### Exercise prompt
Through the line with "Sedona Spritz Parch" and starting from the first line, return the records below word for word, with pictures left out.
--- Data extract ---
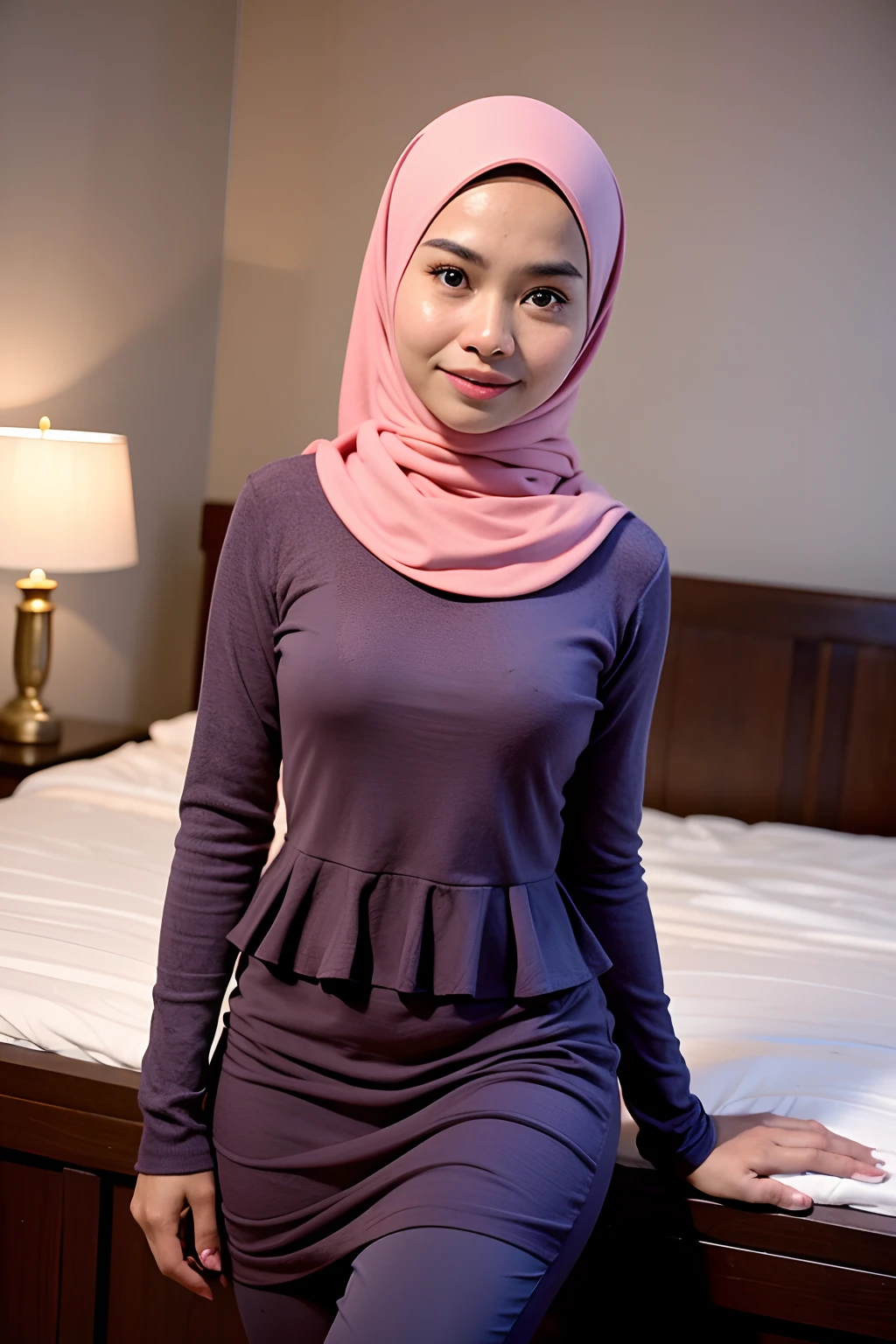 1 malay girl , modern plain hijab, shy, medium portrait shot , watery eyes , wear pastel pink peplum dress, blue bedroom background, bright front light, she try to remove pants pose,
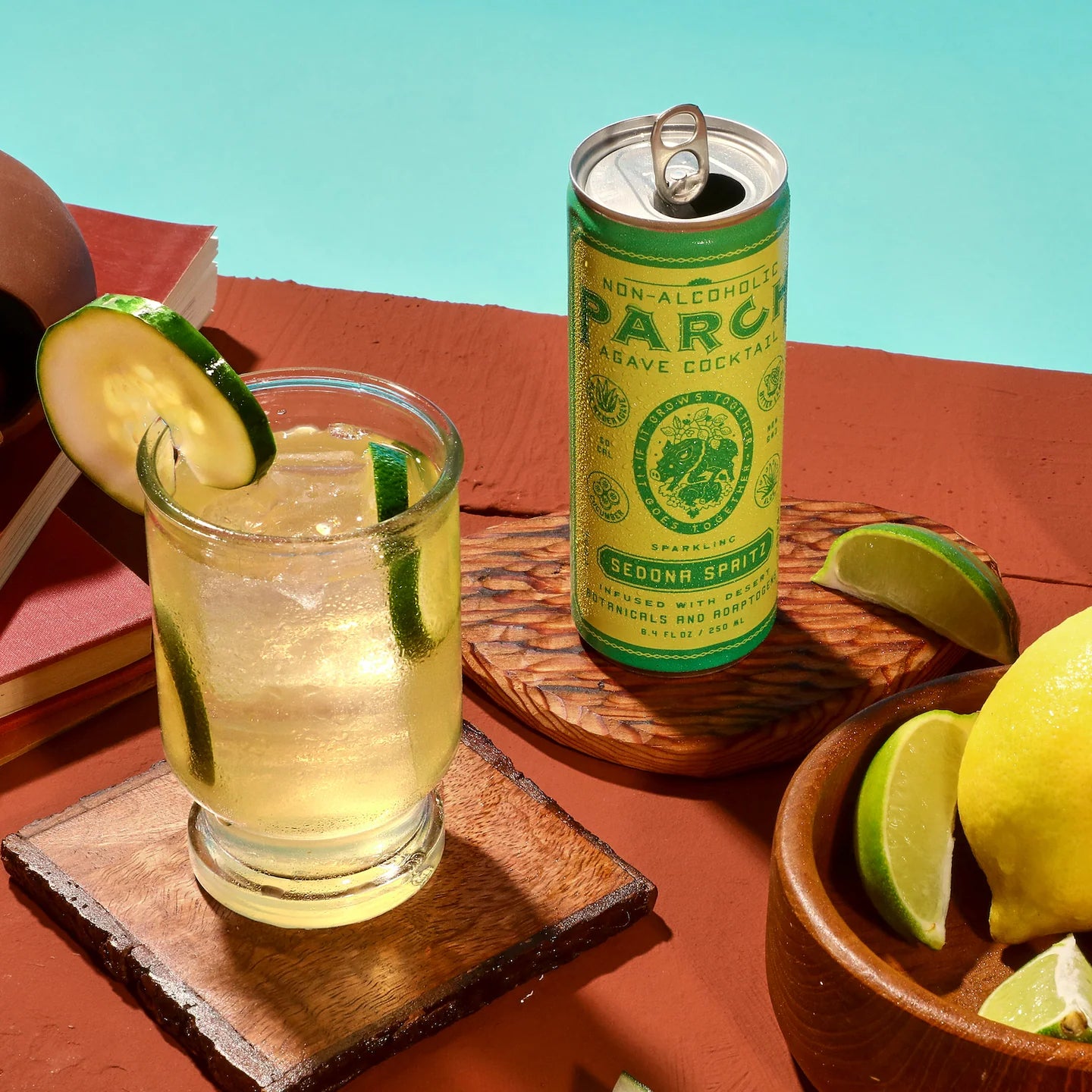 Sedona Spritz Parch en contexto — mocktail RTD sin alcohol para compartir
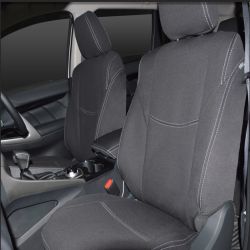 Seat Covers FRONT Pair With Full-Length Snug Fit For Mitsubishi Pajero Sport (2015 - Current, Premium Neoprene (Automotive-Grade) 100% Waterproof 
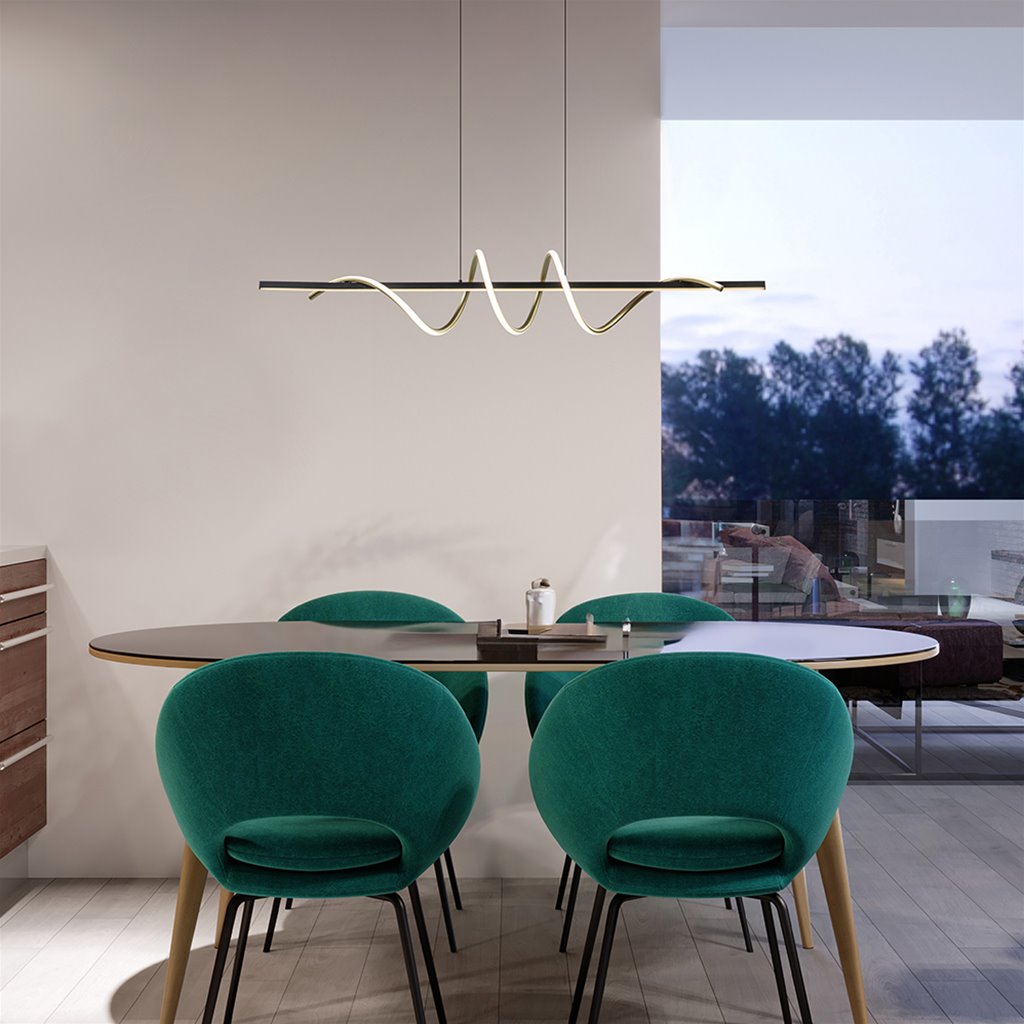 LED hanglamp krul zwart met goud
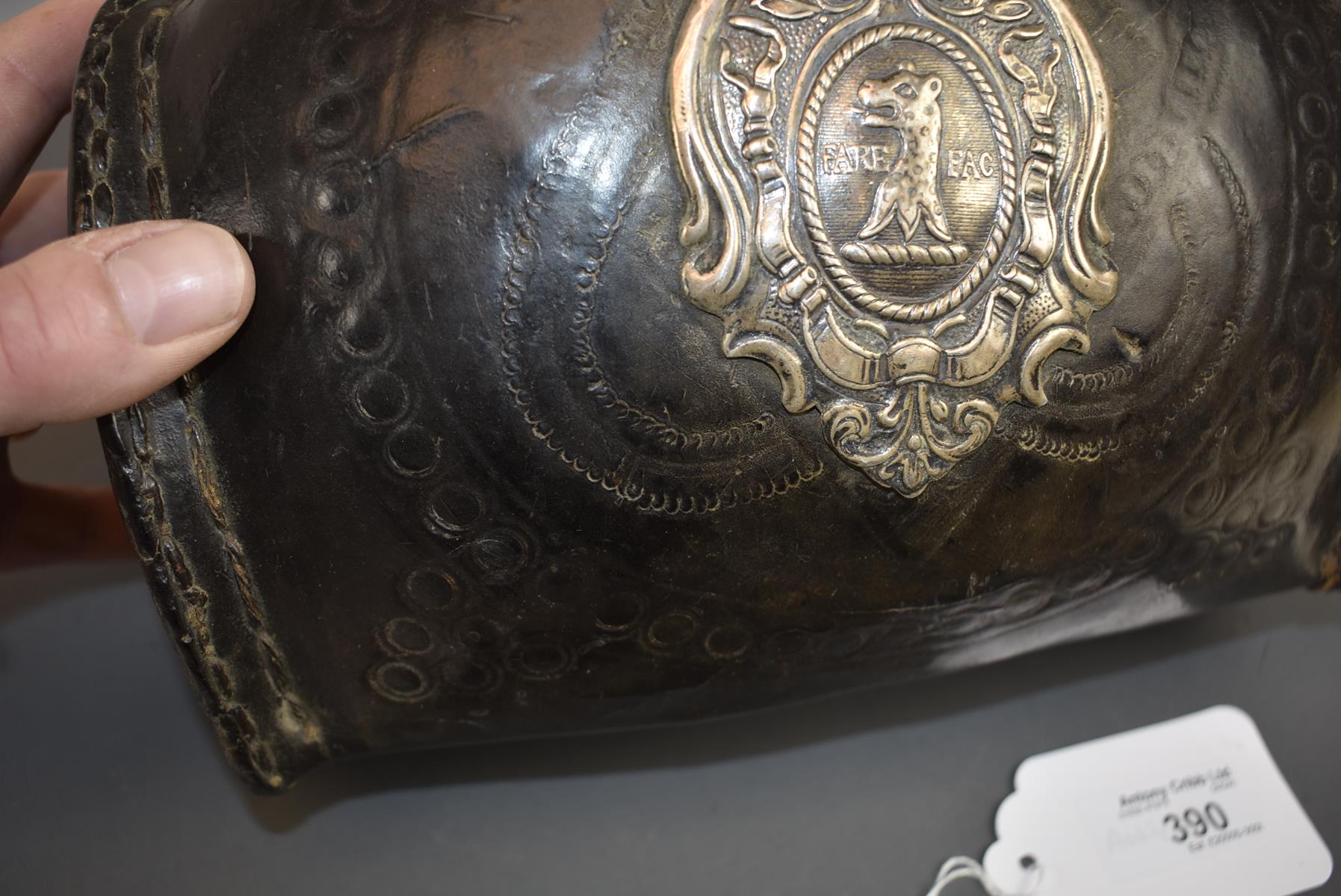 A 17TH CENTURY ENGLISH CIVIL WAR RELATED SILVER MOUNTED LEATHER COVERED FLASK BELONGING TO SIR - Image 6 of 18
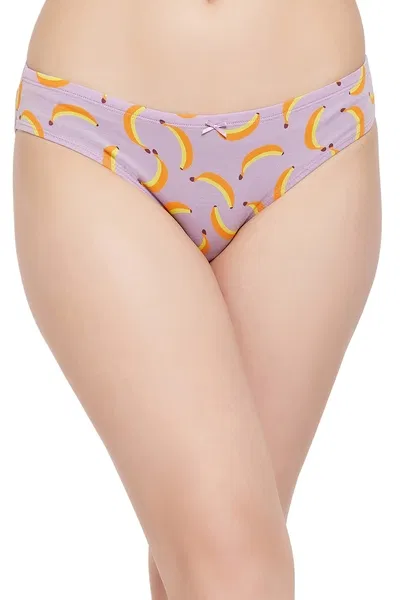 Low Waist Fruit Print Bikini Panty in Lilac with Inner Elastic - Cotton | Clovia Low Waist Fruit Print Bikini Panty in Lilac with Inner Elastic - Cotton | Clovia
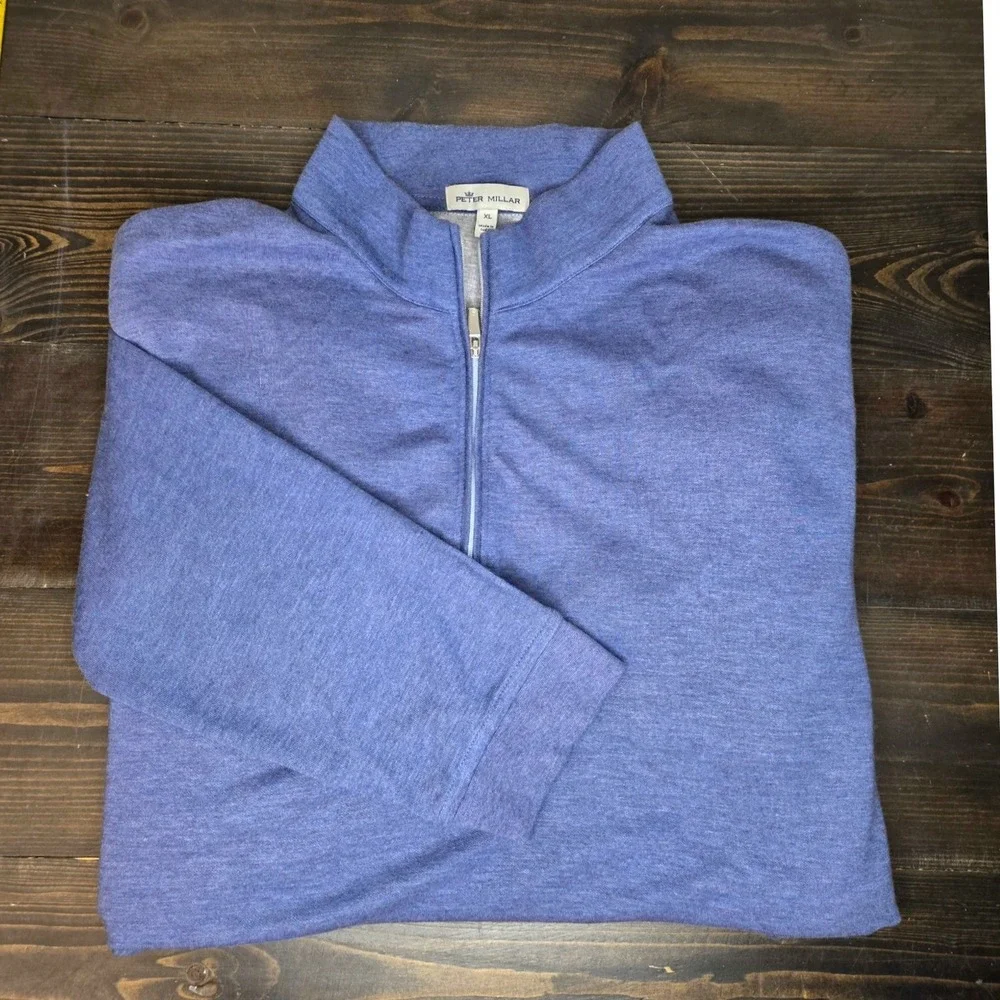 PETER MILLAR Crown‎ Nordic Blue Quarter Zip Pullover XL Golf business casual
---
### Output for this task
 1 malay girl , modern plain hijab, shy, medium portrait shot , watery eyes , wear pastel pink peplum dress, blue bedroom background, bright front light, she try to remove pants pose,
 Sedona Spritz Parch en contexto — mocktail RTD sin alcohol para compartir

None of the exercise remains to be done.